COLLECTED MATERIAL:
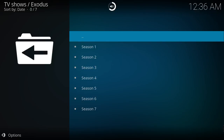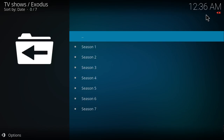If you press the minus sign and hold it, it will show the speaker icon which means it's on mute. But if you press the plus sign again, it will increase the volume and you will hear sound on your Kodi Media Player.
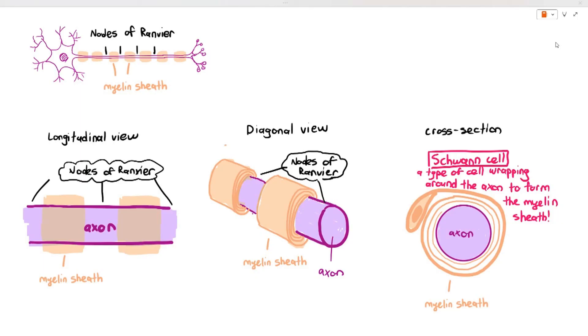This particular video is just an introduction to the structures of neurons and what the myelin sheath on the axon is all about.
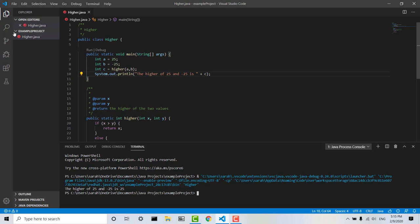So that's just a quick tutorial on how to start up your own project with your own Java files within VS Code. I hope you found this helpful and thank you for watching.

WHAT NEEDS TO BE DONE:
Any picture in the listing above gets left out; output the rest exactly.

YOUR RESPONSE:
If you press the minus sign and hold it, it will show the speaker icon which means it's on mute. But if you press the plus sign again, it will increase the volume and you will hear sound on your Kodi Media Player.
This particular video is just an introduction to the structures of neurons and what the myelin sheath on the axon is all about.
So that's just a quick tutorial on how to start up your own project with your own Java files within VS Code. I hope you found this helpful and thank you for watching.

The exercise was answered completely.